# Happy Times



## GreenGuro (Aug 22, 2012)

Sitting outside baked as hell, on cheap weed wondering what the rest of guys are smoking and how the potency is!


----------



## ddimebag (Aug 22, 2012)

i got some Powerplant...commercial grade, not home grown. It's mediocre. I also got some commercial grade Amnesia Haze which for ONCE is harvested on time, and not ten days early. This one is probably the best I can buy locally, but still not connoisseur ganja. I got some qleaner crosses, columbian gold crosses and bugglegum x durban coming soon though...


----------



## GreenGuro (Aug 23, 2012)

ddimebag said:


> i got some Powerplant...commercial grade, not home grown. It's mediocre. I also got some commercial grade Amnesia Haze which for ONCE is harvested on time, and not ten days early. This one is probably the best I can buy locally, but still not connoisseur ganja. I got some qleaner crosses, columbian gold crosses and bugglegum x durban coming soon though...
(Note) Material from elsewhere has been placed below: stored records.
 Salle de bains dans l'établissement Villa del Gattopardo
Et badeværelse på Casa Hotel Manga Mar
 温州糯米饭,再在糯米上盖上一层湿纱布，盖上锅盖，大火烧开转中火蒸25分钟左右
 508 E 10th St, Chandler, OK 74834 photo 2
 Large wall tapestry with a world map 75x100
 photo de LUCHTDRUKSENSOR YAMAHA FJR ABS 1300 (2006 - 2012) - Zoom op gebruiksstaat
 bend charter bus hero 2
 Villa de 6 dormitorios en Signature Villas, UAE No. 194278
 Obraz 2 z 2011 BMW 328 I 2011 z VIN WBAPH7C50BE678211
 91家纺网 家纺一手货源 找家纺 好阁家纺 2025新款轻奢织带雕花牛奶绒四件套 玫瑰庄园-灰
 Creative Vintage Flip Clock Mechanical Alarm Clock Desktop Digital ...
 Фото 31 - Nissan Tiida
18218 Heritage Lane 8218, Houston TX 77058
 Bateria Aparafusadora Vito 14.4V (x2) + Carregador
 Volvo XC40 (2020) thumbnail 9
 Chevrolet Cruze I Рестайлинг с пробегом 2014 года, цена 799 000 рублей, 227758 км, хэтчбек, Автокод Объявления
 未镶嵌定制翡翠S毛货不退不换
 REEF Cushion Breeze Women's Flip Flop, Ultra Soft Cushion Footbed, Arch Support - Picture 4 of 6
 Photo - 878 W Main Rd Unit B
There is a lot of good things coming your way I'd say. Man I wish we had proper dealers where I live getting tired of the seed sticks fan leaves and tiny bud mix the bastards keep selling us.


----------



## manihar234 (Aug 28, 2012)

happy times is a celebrated for us its gives the times of happy and really enjoying for this times.


----------



## gaztron3030 (Aug 28, 2012)

watching peep show on a random sativa strain. nice couchlocked mellow stone. just checked on my indica girls and they look happy so Im a happy chappy. Hope you peeps are happy whatever you are smowkin


----------



## futureprospects (Aug 30, 2012)

smoking some blue dream right now that I got in the mail.... its awesome!


----------



## futureprospects (Aug 30, 2012)

oh and tonight I will bust out the Hindu kush ahh i love weed!


----------



## mikeandnaomi (Aug 31, 2012)

Girl Scout Cookies. Its about 24% with a 1.4% CBD.


GreenGuro said:


> Sitting outside baked as hell, on cheap weed wondering what the rest of guys are smoking and how the potency is!


----------